Le mûrier blanc (Morus alba), souvent désigné comme le mûrier commun, est un arbre imposant au port étalé. Originaire de Chine, cet arbre rustique peut résister à des températures allant jusqu'à -28°C. Son histoire remonte à plus de 4 700 ans, lorsqu'une légende raconte que l'impératrice Si-ling-chi a observé des chenilles se nourrissant de ses feuilles, inspirant ainsi l'élevage du ver à soie et le développement de l'industrie de la sériciculture.
Cette industrie a prospéré avant de s'étendre vers l'Inde, la Perse, et enfin l'Europe au XVème et XVIème siècle. En 1601, les premières plantations de mûriers blancs furent réalisées aux Tuileries, suivies par le soutien de Colbert pour leur culture, notamment dans le sud de la France. Cependant, le déclin de la sériciculture et la montée en puissance de la viticulture ont fait diminuer leur présence, avec un engouement particulier pour le mûrier noir (Morus nigra) dans certaines régions, comme la péninsule ibérique.
Caractéristiques du mûrier blanc
Atteignant environ 10 mètres de hauteur, le mûrier blanc connaît une croissance lente, atteignant entre 3 à 5 mètres en 20 ans. Cet arbre se distingue par son feuillage caduque de feuilles alternes, mesurant de 10 à 20 cm de long. Elles peuvent varier en forme d'un arbre à l'autre, prenant des allures ovales, cordiformes ou lobées, et brillent d'un vert vif avant de virer au jaune à l'automne. Son feuillage dense offre une belle ombre, faisant de lui un choix privilégié pour les jardins.

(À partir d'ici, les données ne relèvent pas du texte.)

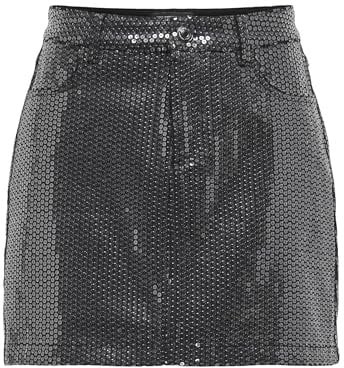 ONLY Damen ONLZERA MW Short Skirt XT PNT Rock, Black/Detail:W. Dark Sequins, M
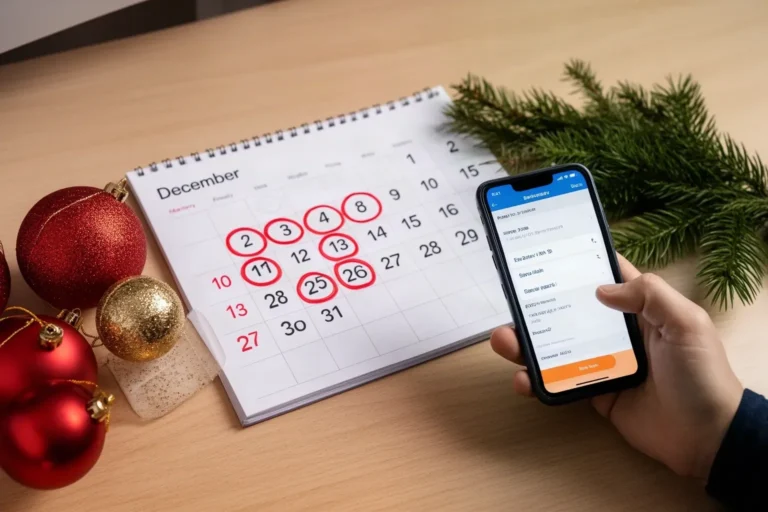 Calendario de diciembre con adornos navideños y móvil para reservar la cena de empresa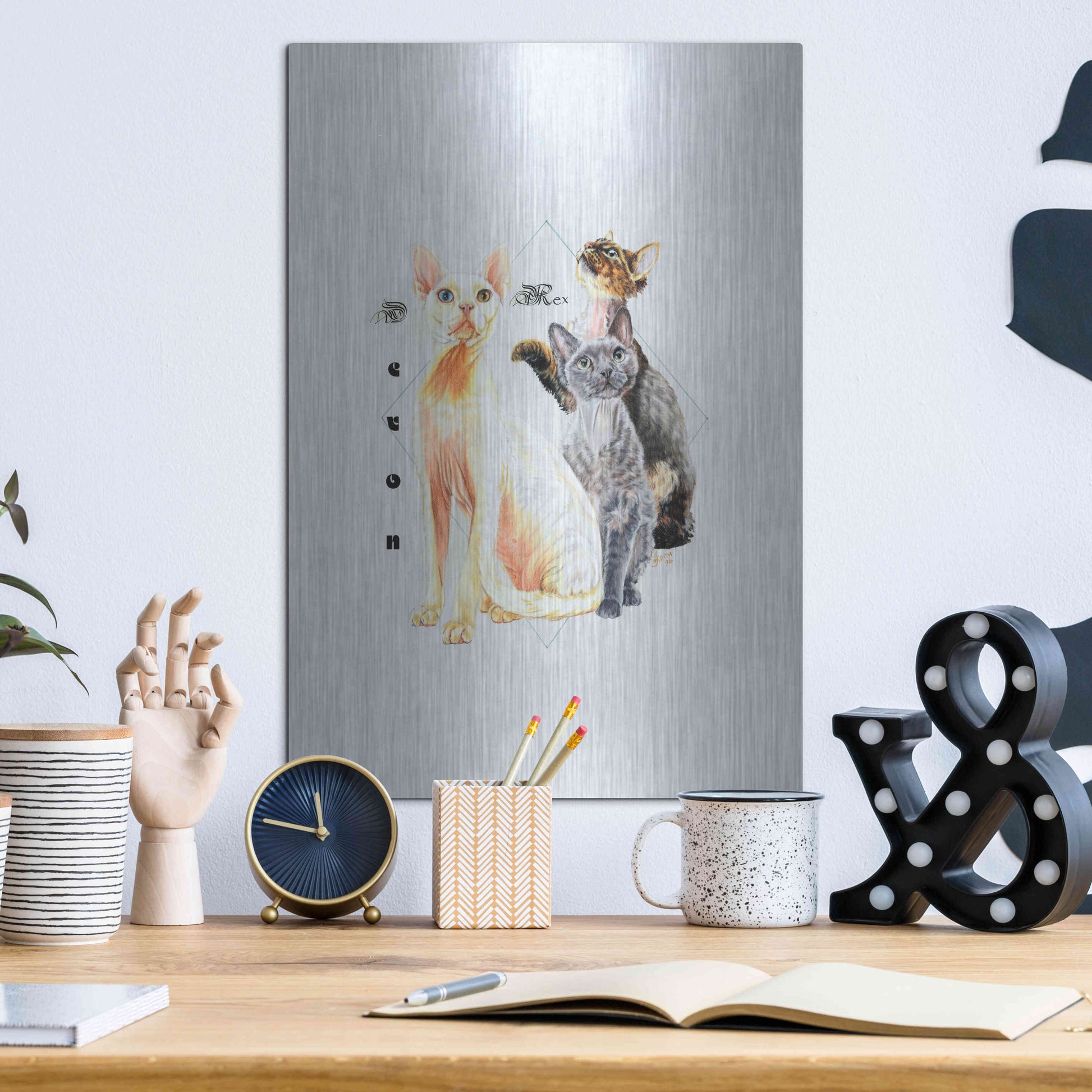 Luxe Metal Art 'Devon Rex' by Barbara Keith, Metal Wall Art,12x16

Chaque mai, le mûrier blanc embellit son allure avec l'apparition de petites fleurs. Sa fécondation donne lieu, en septembre, à des fruits ovoïdes, mesurant jusqu'à 3 cm de long, à la couleur blanchie-rosée. Bien que ces fruits soient comestibles, leur saveur douceâtre et légèrement fade les rend peu attrayants comparés à ceux du mûrier noir. Cependant, ils sont très appréciés par les oiseaux.
Conditions de culture et entretien
Pour prospérer, le mûrier blanc exige une exposition ensoleillée, à l'abri des vents froids et des embruns, dans un sol bien drainé et fertile. Ces arbres montrent une remarquable résistance aux maladies et aux nuisibles, bien qu'ils puissent être affectés par des parasites comme le xylophage asiatique (Xylotrechus chinensis). La plantation est idéalement réalisée en automne ou au printemps, car leur système racinaire pivotant s'adapte difficilement aux déplacements.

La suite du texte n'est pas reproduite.